Georgie Mitchell gave up her job as a university lecturer teaching Child Development and Counselling and used a £7000 Start Up Loan to launch The Nests Little Smallholding, a rare breeds farm in the Ribble Valley, near Burnley, Lancashire. She ethically rears rare breed livestock that are free to roam, and sells her produce at farmers’ markets and supplies private hog roasts.
Georgie keeps all of her pregnant ewes and sows in an outbuilding based at her home, and has other livestock spread across several other sites totalling 40 acres. She currently has a flock of 70 sheep, three breeding sows and various poultry. She uses the animals for meat or breeding, except for the poultry who provide eggs only.
Two years ago Georgie helped out on a local farm whilst studying for her PGCE, and found an injured lamb. She asked the farmer if she could take the lamb home and nurse it back to health. After a couple of weeks, unsure if the lamb would survive, Georgie came home one day to find the healthy lamb bouncing around on the dining table! Soon after, the lamb was moved to her children’s Wendy house in the garden, before they realised that they would need to find a piece of land on which to keep her. Georgie spoke to a friend who was renting out a piece of land and this became Dotty the sheep’s new home.
After her experience rearing Dotty, Georgie decided to purchase more and more sheep and then bought some pigs to rear meat for the family. When the meat returned from the butcher’s Georgie was inundated with requests from friends and family to purchase the meat. It was then that she realised that she could make a business out of it.
Georgie has two young children, Dolly and Billy (3 and 6), and found that she rarely got to see them when working as a lecturer, so she quit her job and registered as a self-employed smallholder in May 2016. She was then encouraged to contact Business Enterprise and apply for finance.
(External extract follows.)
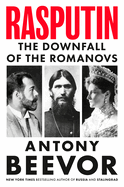 Rasputin: The Fall of the Romanovs by Antony Beevor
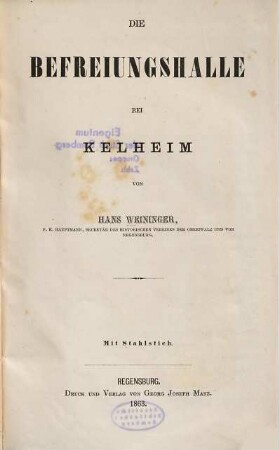 Die Befreiungshalle bei Kelheim : mit Stahlstich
Georgie completed her business plan and was told by the advisor at BE that it was so good that no changes were required, and the application for her £7000 loan went straight through, allowing her to purchase more animals and rent more land.
Georgie does not currently employ anyone, but her partner and children help with the animals. She sells her produce at farmer’s markets three times a month and has also received interested from local restaurants who want to purchase her rare breed, excellent quality meat.
Georgie’s biggest challenges have come from a lack of knowledge about farming, but since starting out she has taught herself all she needs to know about the business. She has also found that, as a woman who rarely leave the house without make-up, many of the male farmers failed to take her seriously. However, after seeing her working the farm and attending auctions, they are now more receptive to what she is doing and help her to source additional pieces of land when required.
In the future Georgie plans to purchase a farm where she can live and keep the animals close by rather than having to pour huge chucks of her profit into the petrol tank. She is also about to return to teaching part-time in primary schools with a programme that she has written called ‘Thought For Food’, which aims to educate children about rearing livestock, meat production and incorporates ICT, maths and literally skills. Further to this, Georgie plans to start selling chicken, and would like to add to her animal stock. She had considered purchasing calves but, after a recent head-butt by a sheep that resulted in a broken jaw, has decide against this for now.
Georgie worked with a mentor and found it to be very helpful. Of the Start Up Loans process she said:
“It’s been amazing and I couldn’t ask for anything more. The two ladies I worked with were very helpful and supportive and it was great to have someone who understood the loan process believing in me.”
Georgie plans to apply for top-up funding imminently to help fund the educational aspect of the business and as well as a new vehicle.